# Problem statement
Give again, character for character, the lines that lie between the first line of the material and the line with "BMW Seria 5 525d xDrive - 28", inclusive. Omit pictures.

# Source material
|---|

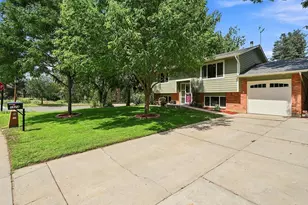 1524 Chapman Ln, Longmont, CO 80501 - Photo 3
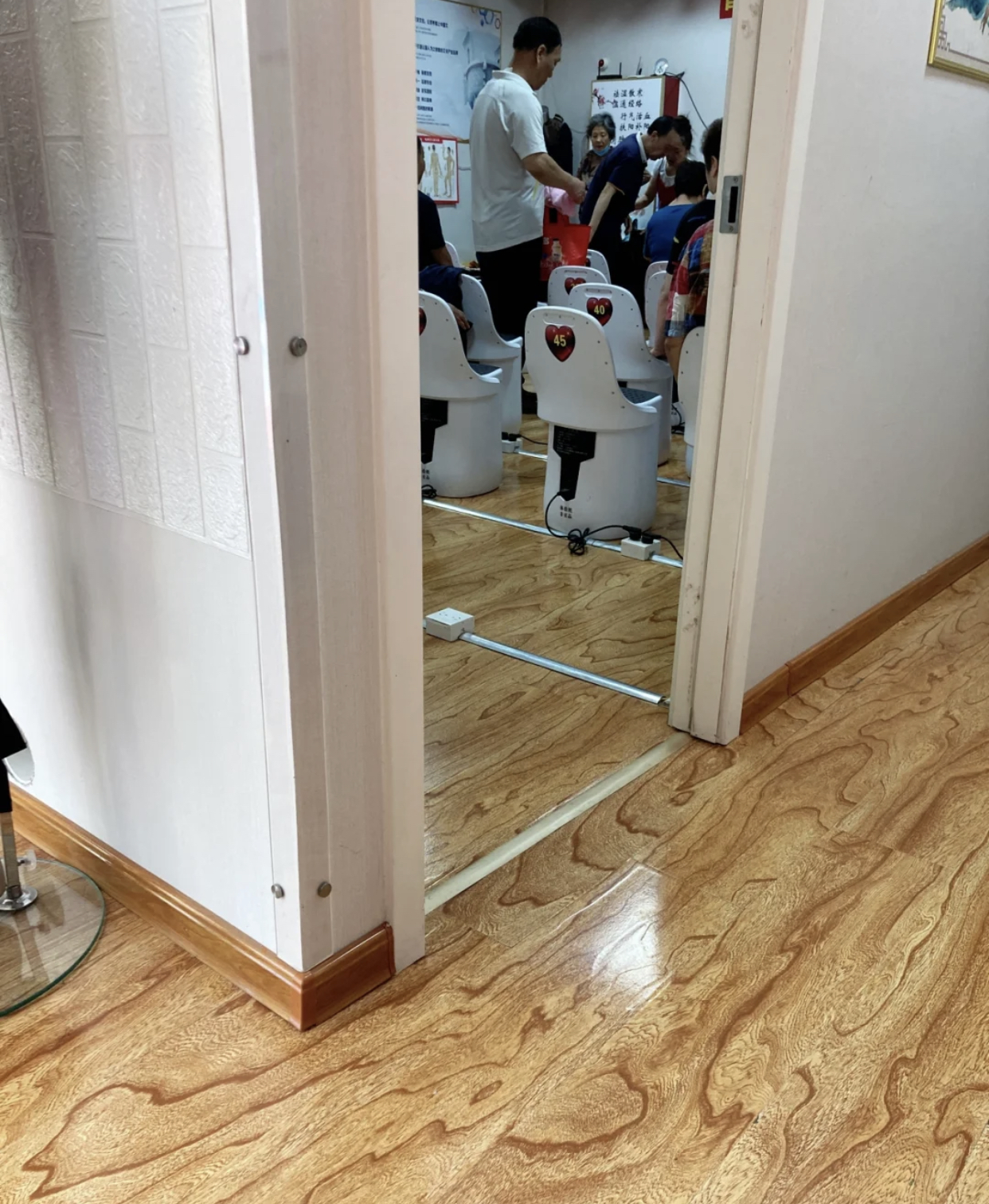 神秘的艾灸凳,假艾灸凳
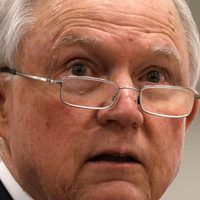 Sessions pide seguir el ejemplo de Miami-Dade y acabar con las ciudades santuario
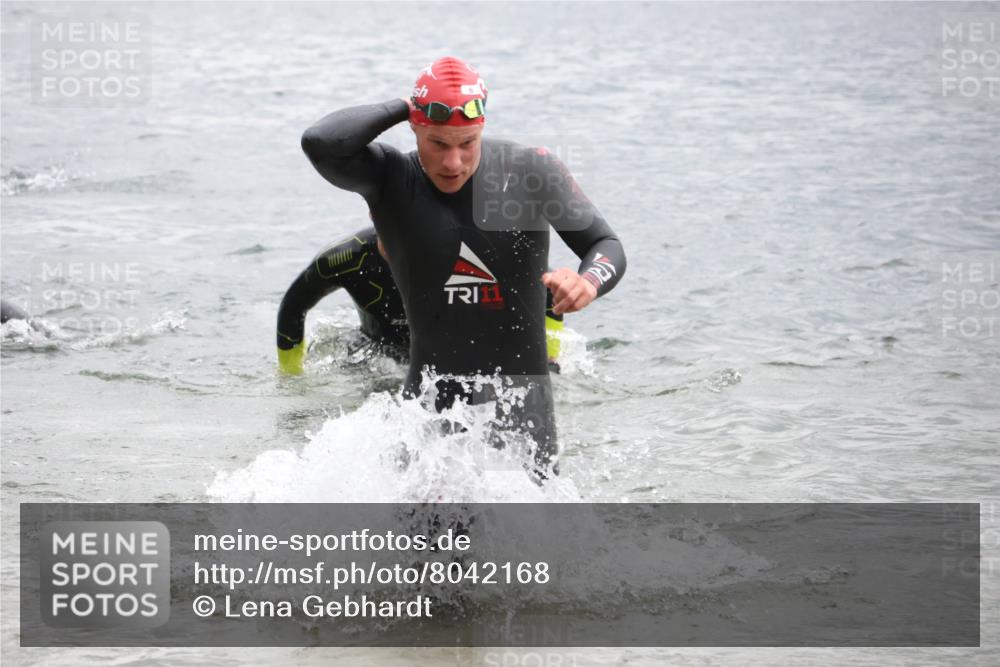 21.06.2025 - 27. Vierlanden-Triathlon Lena Gebhardt http://msf.ph/oto/8042168 15.06.2025 13:19:47 Schwimmen 1267, 1280, 1285, 1293, 1309, 1312 meine-sportfotos.de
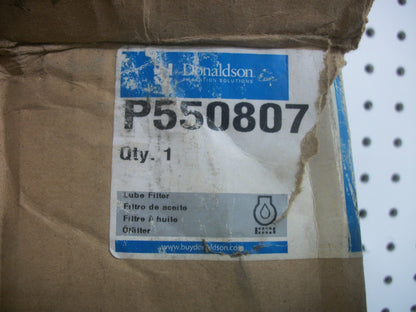 DONALDSON OIL LUBE FILTER P550807 NIB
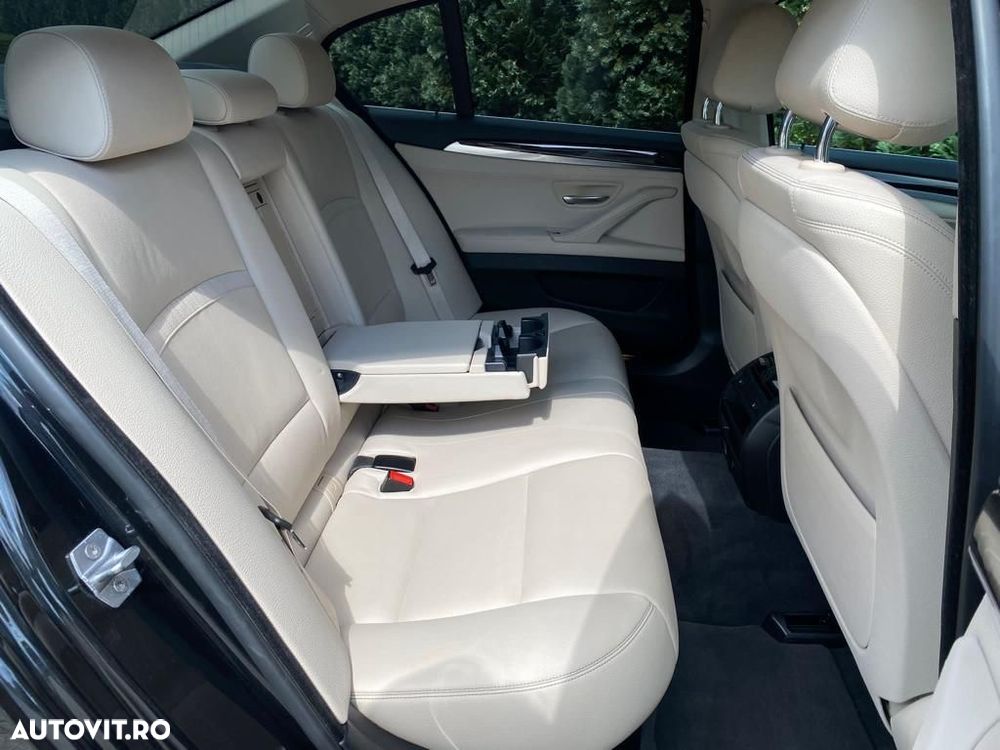BMW Seria 5 525d xDrive - 28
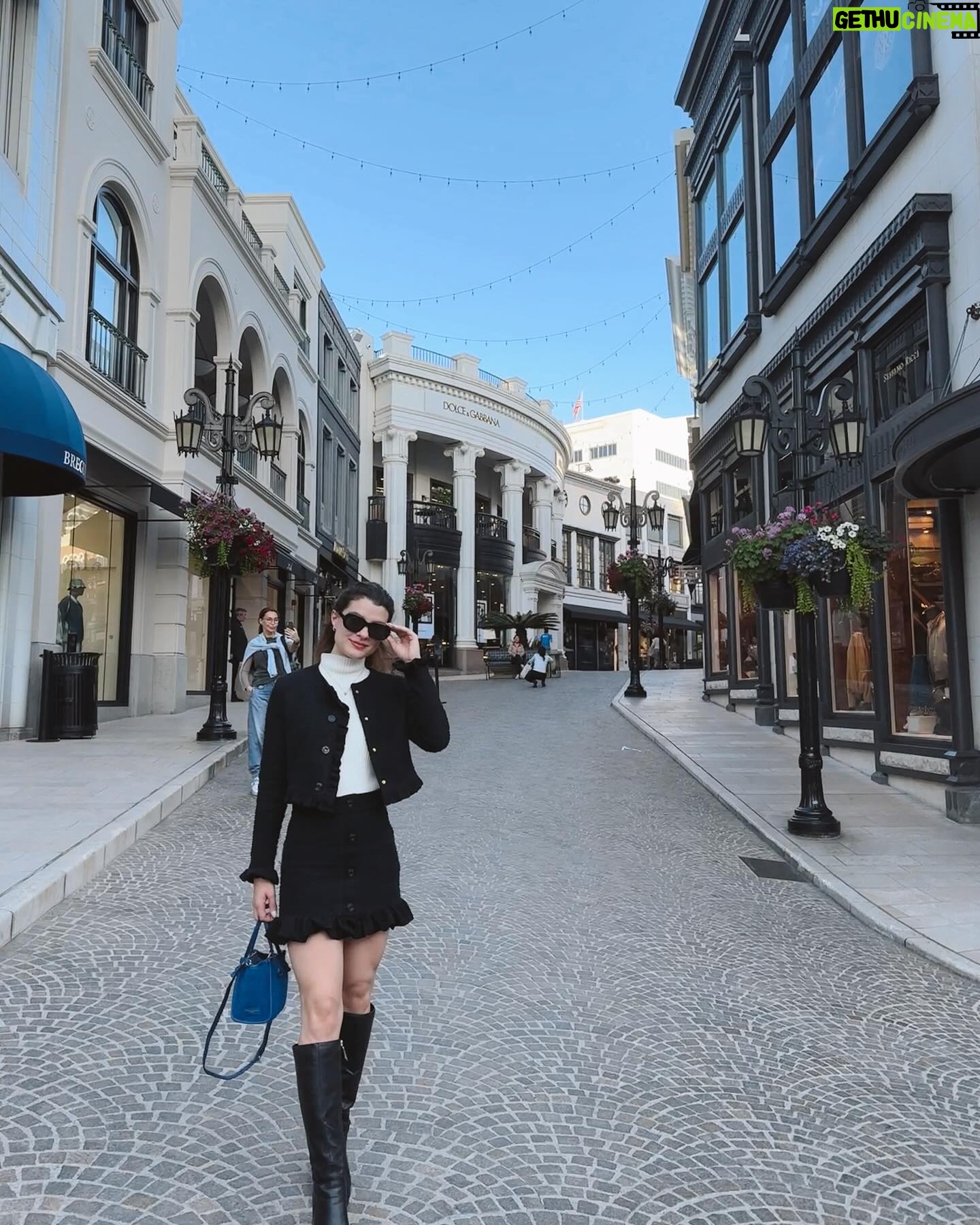 Agustina Palma Instagram - Si le dijera a mi pequeña Agustina que estaríamos aquí en este momento, viviendo todo lo que estoy sintiendo y creando, no lo creería. Esta profesión que elegí, tan hermosa y compleja, no es fácil. Nadie dijo que ningún camino fuera fácil, pero poco se habla del compromiso, la paciencia y la disciplina que uno debe tener para que las cosas sucedan. Si hoy me mantengo firme después de tantos años en ella, es porque desde el principio aprendí lo que significaba luchar por lo que uno quiere. Estoy literalmente al otro lado del mundo de donde nací, y aún no puedo procesar todo lo que sucede a mi alrededor. Mirar atrás y ver los puntos que me llevaron hasta donde estoy hoy no tiene sentido. A veces, la vida no tiene mucho sentido lógico. Nací en San Miguel de Tucumán, la ciudad más pequeña de Argentina y, a su vez, la que tiene más habitantes por metro cuadrado. Mi calle era de barro, jugábamos en la calle, eran otras épocas donde los sueños solo se hablaban y se trataban como algo lejano. Épocas donde creía que lo imposible se quedaría así para siempre, donde no sabía qué mundo existía fuera, lo POSIBLE DENTRO DE LO IMPOSIBLE. Después de tantos años alrededor de mi profesión he podido ver la capacidad y la alegría de vivir cada momento y experiencia como parte del éxito. Podría pensar que hago este post para recordarles que los sueños se materializan, y así es, pero también lo hago para recordarme y compartir conmigo misma que lo hemos logrado. Que una vez que se alcanzan esas metas, hay que volver a soñar, con ilusión y compromiso, nunca hay que perder esa capacidad de asombro ante la vida. CAMINANTE, NO HAY CAMINO SE HACE EL CAMINO AL ANDAR. No hay fórmulas ni caminos correctos, solo hace falta animarse con valor y valentía. Una vida llena de cambios es una vida llena de vida. ♥️ Gracias por compartir este caminito conmigo. Agus. 🚀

|---|

# Response to this exercise
 1524 Chapman Ln, Longmont, CO 80501 - Photo 3
 神秘的艾灸凳,假艾灸凳
 Sessions pide seguir el ejemplo de Miami-Dade y acabar con las ciudades santuario
 21.06.2025 - 27. Vierlanden-Triathlon Lena Gebhardt http://msf.ph/oto/8042168 15.06.2025 13:19:47 Schwimmen 1267, 1280, 1285, 1293, 1309, 1312 meine-sportfotos.de
 DONALDSON OIL LUBE FILTER P550807 NIB
BMW Seria 5 525d xDrive - 28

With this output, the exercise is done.